By Lawstreet News Network Lawstreet News Network      Dec 03, 2018      0 Comments      1,971 Views

The Kerala High Court in a recent case of Faisal. P.A. v. Regional Passport Officer has held that the passport cannot be impounded or cancelled on the ground that it is detrimental to the ‘economic ‘security of India.

The question before Justice Dama Seshadri Naidu was whether “security” of the nation as mentioned in the Passport Act, 1967, includes “economic security”.

Justice Naidu held that the term ‘security’ in Section 6(1) of the Passport Act, 1967, does not encompass ‘economic security’.

In this case, the Regional Passport Officer (RPO) acting on the Customs Department’s communication has impounded the passport of three persons on the ground that it would harm the economic security of the nation.

The Bench observed that any provision that affects the fundamental right to travel needs strict interpretation. Interpolation is not one established method of interpretation, especially, of a provision with consequences: “economic” is an interpolation before “security”, the court noted relying on the judgment in the case of Maneka Gandhi v. Union of India.

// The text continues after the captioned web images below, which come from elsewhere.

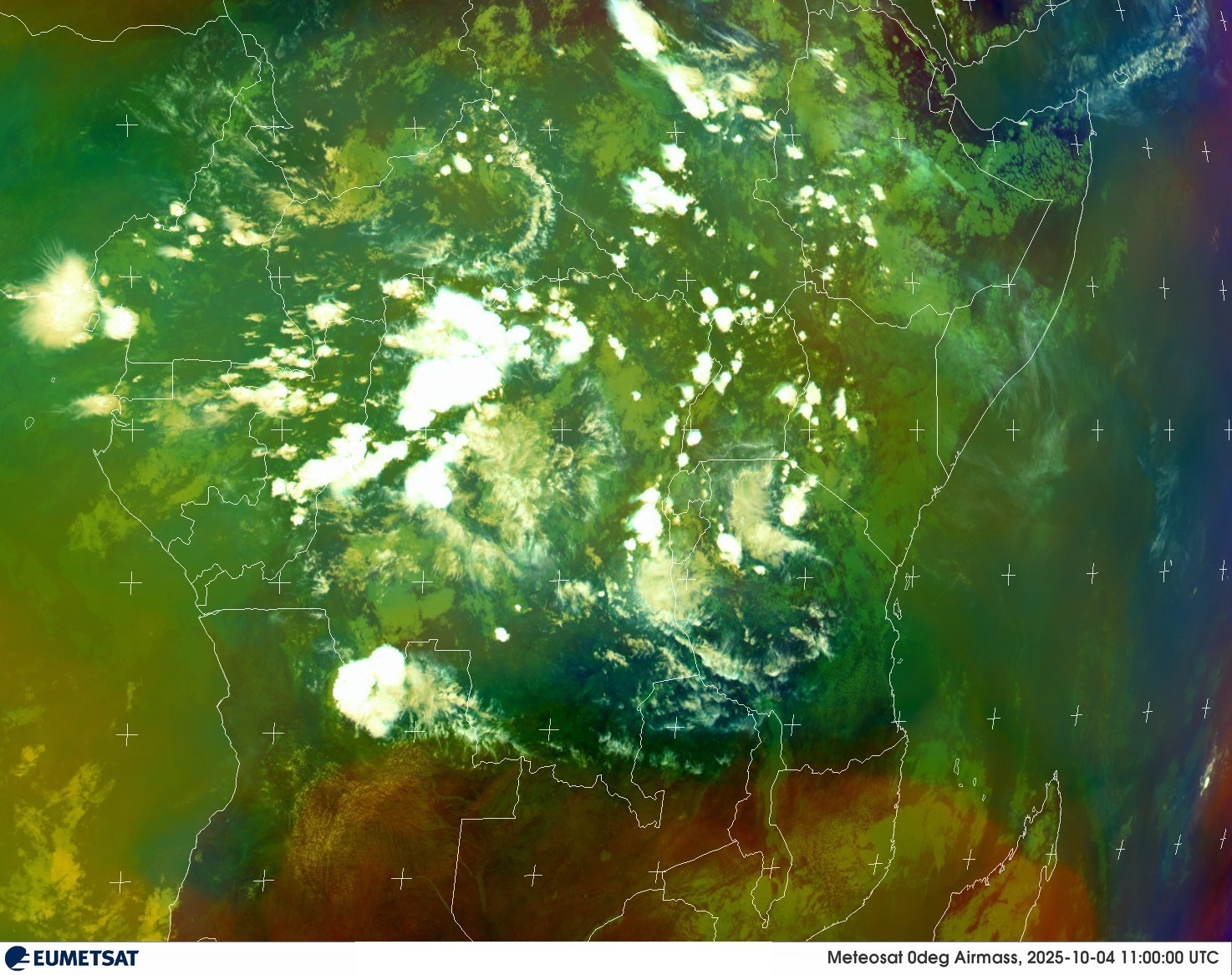 Live Satellite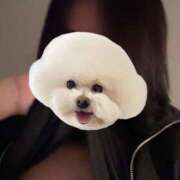 ヒメ日記 2025/03/29 11:23 投稿 霧島なるみ 華女 第二章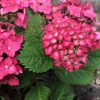 Hydrangea macrophylla 'Leuchtfeuer' - Kontejner 2 l, v. 20-30 cm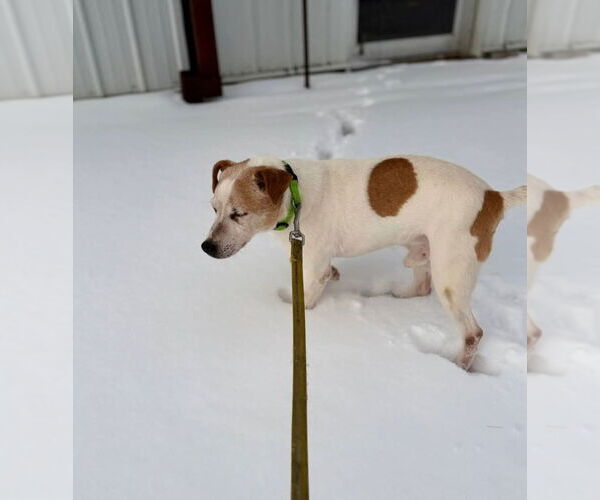 Medium Photo #3 Jack Russell Terrier Puppy For Sale in Buffalo, MN, USA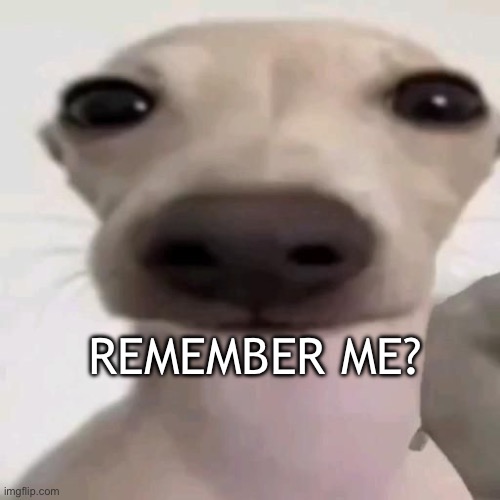 Remember me? | REMEMBER ME? | image tagged in dog | made w/ Imgflip meme maker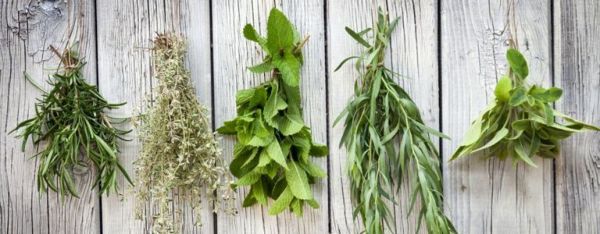 Remplissez votre garde-manger d'herbes séchées maison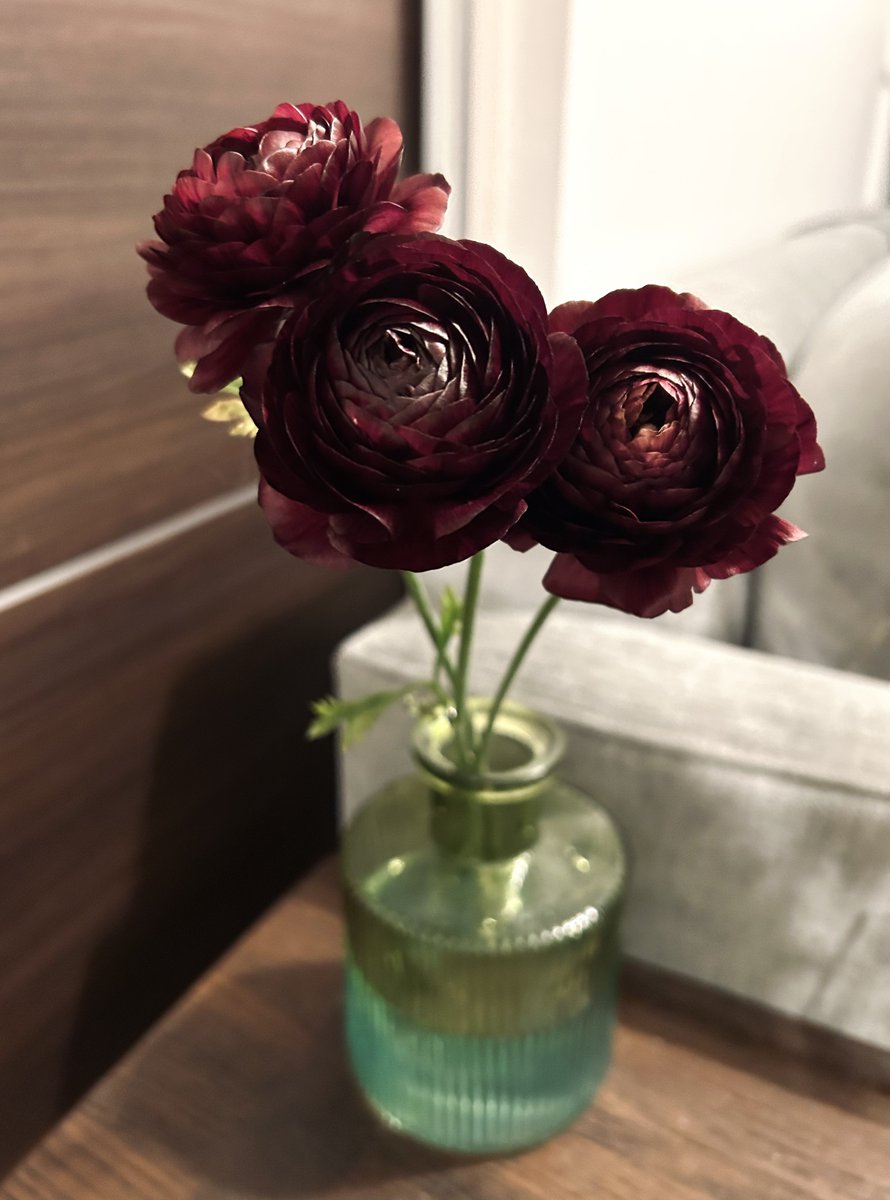 今週の花、ラナンキュラス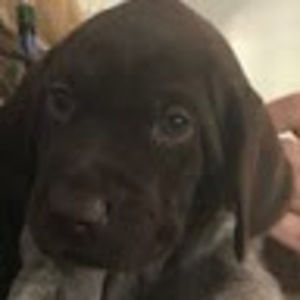 Meet your Posher, Amy and kevin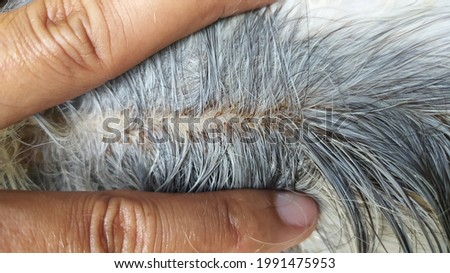 fingers open the horse's hair to see lice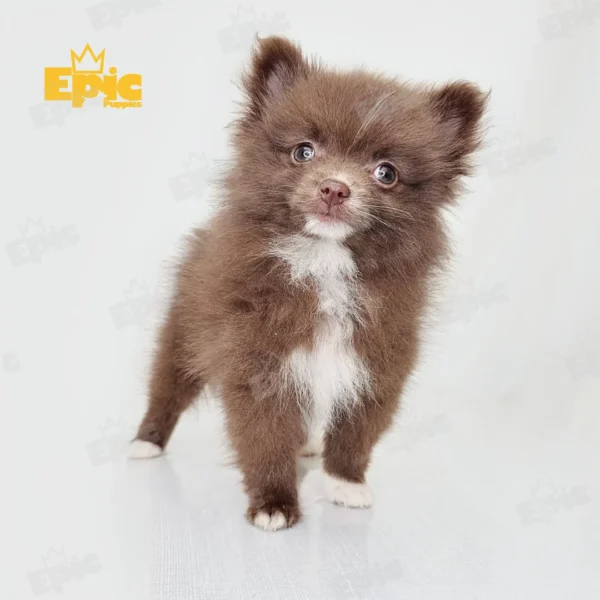 Pomeranian Chocolate & White Female - Image 2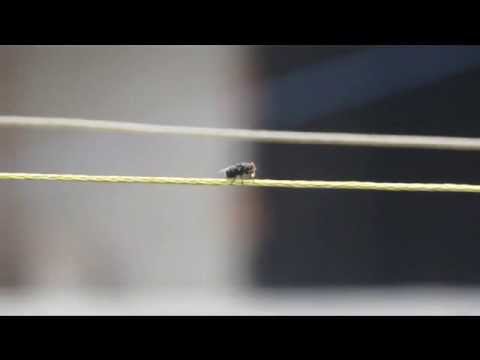 2013-06-05 - Bps 攝影社「新增內容!」
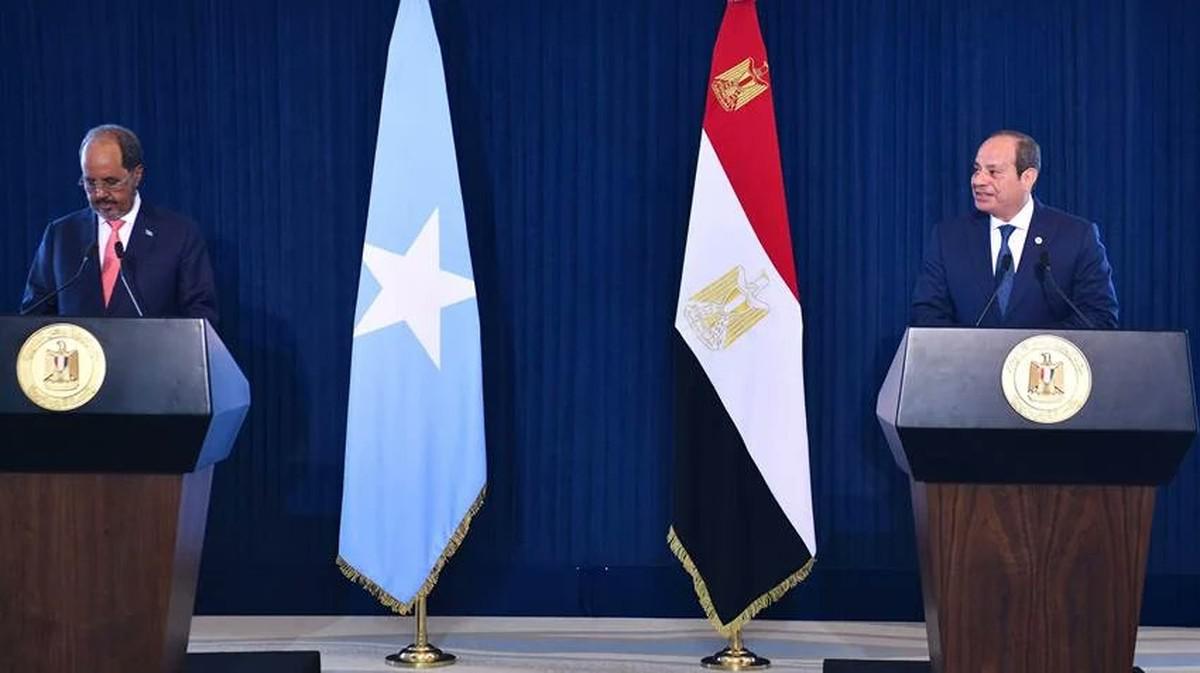 السيسي والرئيس الصومالي يبحثان شراكة استراتيجية لتثبيت الاستقرار في شرق أفريقيا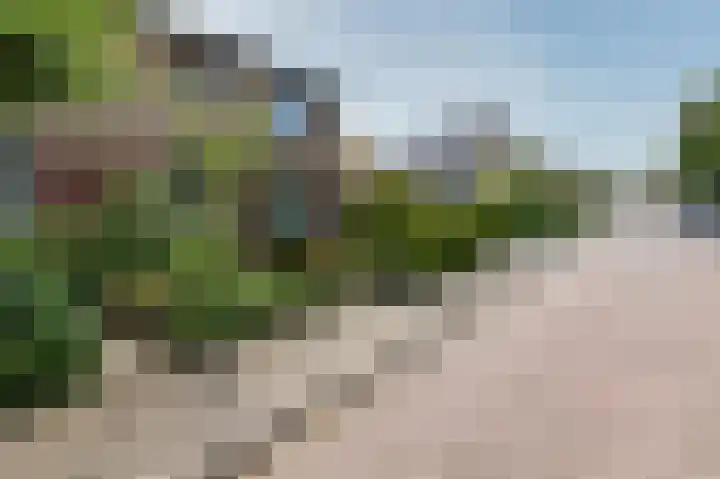 Violenstraat 2 Didam thumbnail 11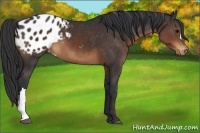 Horse Color:Brown Appaloosa 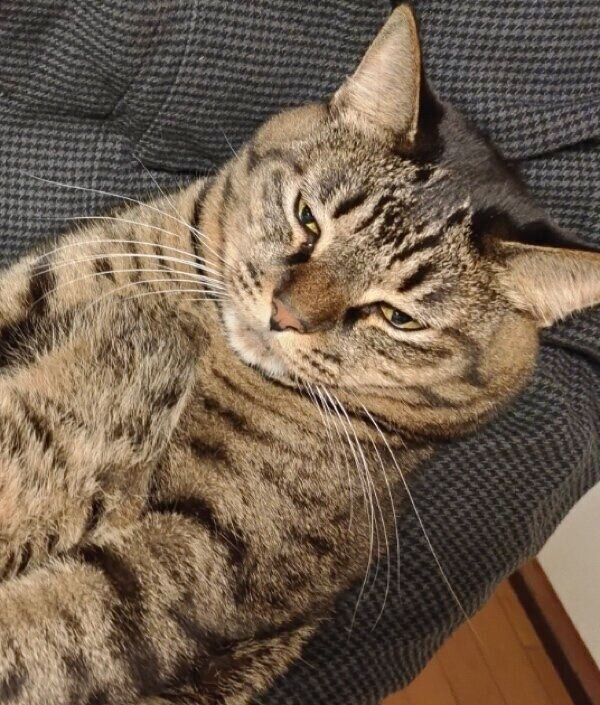 小熊さんの夫に抱っこされて幸せそうなコイモちゃん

“To reiterate, freedom of movement is a facet of fundamental rights. A citizen’s right to travel can be curtailed only through the procedure established by law. If the right to travel is a part of a person’s liberty, that person cannot, according to Satwant Singh Sawhney v. D. Ramarathnam, be deprived of his freedom except by due process of law,” Justice Naidu said.

Further, the court also took into consideration a full Bench judgment of the Kerala High Court in Abdul Salam v. National Investigating Agency, in which the court held that the term “security” occurring in Section 15 of the Unlawful Activities (Prevention) Act, 1967 “cannot be stretched by interpretative process to include economic security.”

On the basis of the above observations, the court concluded that “True, the RPO can act on any person’s information, and the Customs Department suffers no disqualification to notify the RPO. But that information received, the RPO must act independently. He must ensure that the allegations, taken as true, contravene any of the eventualities spelt out either in Section 6 or Section 10 of the Passport Act. Here, I see the Customs Department’s complaint meeting no ground mentioned in these provisions, for I hold that “security” will not encompass “economic security.”